**WHAT YOU HAVE TO DO**
Retype, exactly and with nothing added, the lines from the one showing "Y2K Doce Cool" through the final line of the material. Omit pictures.

**INFORMATION PROVIDED**
-------------------------

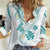 Polynesia Tribal Women Casual Shirt Teal Plumeria Tentacles
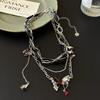 Y2K Doce Cool Spice Drop Oil Butterfly Leather Tassel Colar Mulheres High Sense Choker Brincos Colar Trendy Wholesale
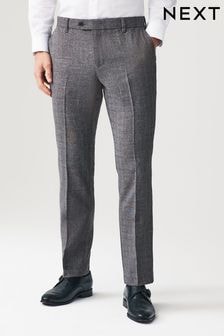 Grey Textured Slim Fit Check Smart Trousers (397849) | $43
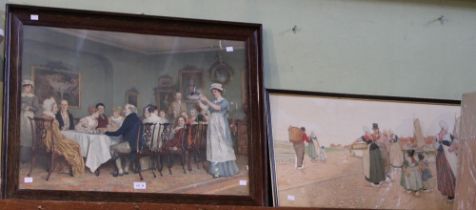 Pears print late Victorian coloured scene of a dinner party glazed and framed with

-------------------------

**EXERCISE OUTPUT**
 Y2K Doce Cool Spice Drop Oil Butterfly Leather Tassel Colar Mulheres High Sense Choker Brincos Colar Trendy Wholesale
 Grey Textured Slim Fit Check Smart Trousers (397849) | $43
 Pears print late Victorian coloured scene of a dinner party glazed and framed with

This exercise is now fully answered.